## Data to process
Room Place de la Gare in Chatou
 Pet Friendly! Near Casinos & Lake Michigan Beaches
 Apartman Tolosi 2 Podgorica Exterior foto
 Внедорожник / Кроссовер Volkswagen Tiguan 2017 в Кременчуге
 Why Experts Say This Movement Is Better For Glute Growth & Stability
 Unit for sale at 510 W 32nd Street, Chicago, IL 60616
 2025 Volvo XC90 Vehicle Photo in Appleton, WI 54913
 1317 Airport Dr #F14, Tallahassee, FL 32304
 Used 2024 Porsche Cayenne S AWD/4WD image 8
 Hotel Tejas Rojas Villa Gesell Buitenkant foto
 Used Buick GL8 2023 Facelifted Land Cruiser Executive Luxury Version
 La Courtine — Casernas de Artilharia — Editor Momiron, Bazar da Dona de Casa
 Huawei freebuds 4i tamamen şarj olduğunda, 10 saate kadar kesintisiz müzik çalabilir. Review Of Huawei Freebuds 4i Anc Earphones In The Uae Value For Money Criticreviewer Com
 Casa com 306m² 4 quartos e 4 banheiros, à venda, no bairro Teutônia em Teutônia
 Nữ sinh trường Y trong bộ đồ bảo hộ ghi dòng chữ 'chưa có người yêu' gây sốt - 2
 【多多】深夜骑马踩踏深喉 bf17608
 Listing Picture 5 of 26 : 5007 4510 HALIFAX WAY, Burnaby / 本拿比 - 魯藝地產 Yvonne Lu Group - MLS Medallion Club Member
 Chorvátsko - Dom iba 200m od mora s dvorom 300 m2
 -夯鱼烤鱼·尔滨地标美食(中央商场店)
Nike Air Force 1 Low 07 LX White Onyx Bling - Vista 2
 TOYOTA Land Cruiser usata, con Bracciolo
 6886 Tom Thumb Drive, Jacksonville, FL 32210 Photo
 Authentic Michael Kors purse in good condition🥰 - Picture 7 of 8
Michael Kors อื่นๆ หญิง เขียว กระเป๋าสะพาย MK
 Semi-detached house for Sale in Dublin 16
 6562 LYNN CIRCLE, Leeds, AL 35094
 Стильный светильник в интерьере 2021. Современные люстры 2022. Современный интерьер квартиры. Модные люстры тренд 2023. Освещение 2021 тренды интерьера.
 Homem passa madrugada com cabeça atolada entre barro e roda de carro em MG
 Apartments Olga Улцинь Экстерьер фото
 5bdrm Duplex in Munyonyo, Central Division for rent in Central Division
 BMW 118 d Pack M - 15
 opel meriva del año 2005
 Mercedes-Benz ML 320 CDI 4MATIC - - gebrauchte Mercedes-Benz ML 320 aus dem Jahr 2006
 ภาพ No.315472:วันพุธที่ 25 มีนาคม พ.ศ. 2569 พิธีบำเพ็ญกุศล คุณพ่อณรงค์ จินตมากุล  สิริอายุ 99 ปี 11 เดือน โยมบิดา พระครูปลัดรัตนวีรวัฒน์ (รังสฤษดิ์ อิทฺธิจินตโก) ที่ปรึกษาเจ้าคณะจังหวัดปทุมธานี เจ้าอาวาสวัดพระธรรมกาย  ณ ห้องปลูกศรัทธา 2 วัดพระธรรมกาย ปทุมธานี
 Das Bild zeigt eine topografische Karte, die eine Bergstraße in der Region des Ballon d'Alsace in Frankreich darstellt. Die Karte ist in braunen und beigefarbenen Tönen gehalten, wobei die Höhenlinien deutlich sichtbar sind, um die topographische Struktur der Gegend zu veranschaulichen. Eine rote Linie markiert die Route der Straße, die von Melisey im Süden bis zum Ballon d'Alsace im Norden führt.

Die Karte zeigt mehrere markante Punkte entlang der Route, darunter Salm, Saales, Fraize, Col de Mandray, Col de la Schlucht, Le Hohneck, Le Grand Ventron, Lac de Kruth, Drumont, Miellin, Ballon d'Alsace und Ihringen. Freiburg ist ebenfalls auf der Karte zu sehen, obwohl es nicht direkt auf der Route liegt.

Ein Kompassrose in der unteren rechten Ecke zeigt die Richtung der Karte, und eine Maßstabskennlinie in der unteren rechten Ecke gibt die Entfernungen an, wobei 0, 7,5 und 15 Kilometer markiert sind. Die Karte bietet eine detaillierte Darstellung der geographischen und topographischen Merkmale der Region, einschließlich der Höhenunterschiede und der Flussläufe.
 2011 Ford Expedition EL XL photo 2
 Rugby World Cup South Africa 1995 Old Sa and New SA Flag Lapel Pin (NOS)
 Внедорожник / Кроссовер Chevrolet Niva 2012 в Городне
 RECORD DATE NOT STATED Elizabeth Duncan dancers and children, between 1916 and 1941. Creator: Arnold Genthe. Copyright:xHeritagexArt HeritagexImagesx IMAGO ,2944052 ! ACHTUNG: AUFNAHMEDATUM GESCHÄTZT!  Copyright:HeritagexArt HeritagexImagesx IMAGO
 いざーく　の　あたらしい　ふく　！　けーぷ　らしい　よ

## What to work on
From the entries above, write out only the lines starting at the line that holds "BMW 118 d Pack M - 15" and ending at the line that holds "Das Bild zeigt", keeping both and matching them exactly.

## Result for this task
 BMW 118 d Pack M - 15
 opel meriva del año 2005
 Mercedes-Benz ML 320 CDI 4MATIC - - gebrauchte Mercedes-Benz ML 320 aus dem Jahr 2006
 ภาพ No.315472:วันพุธที่ 25 มีนาคม พ.ศ. 2569 พิธีบำเพ็ญกุศล คุณพ่อณรงค์ จินตมากุล  สิริอายุ 99 ปี 11 เดือน โยมบิดา พระครูปลัดรัตนวีรวัฒน์ (รังสฤษดิ์ อิทฺธิจินตโก) ที่ปรึกษาเจ้าคณะจังหวัดปทุมธานี เจ้าอาวาสวัดพระธรรมกาย  ณ ห้องปลูกศรัทธา 2 วัดพระธรรมกาย ปทุมธานี
 Das Bild zeigt eine topografische Karte, die eine Bergstraße in der Region des Ballon d'Alsace in Frankreich darstellt. Die Karte ist in braunen und beigefarbenen Tönen gehalten, wobei die Höhenlinien deutlich sichtbar sind, um die topographische Struktur der Gegend zu veranschaulichen. Eine rote Linie markiert die Route der Straße, die von Melisey im Süden bis zum Ballon d'Alsace im Norden führt.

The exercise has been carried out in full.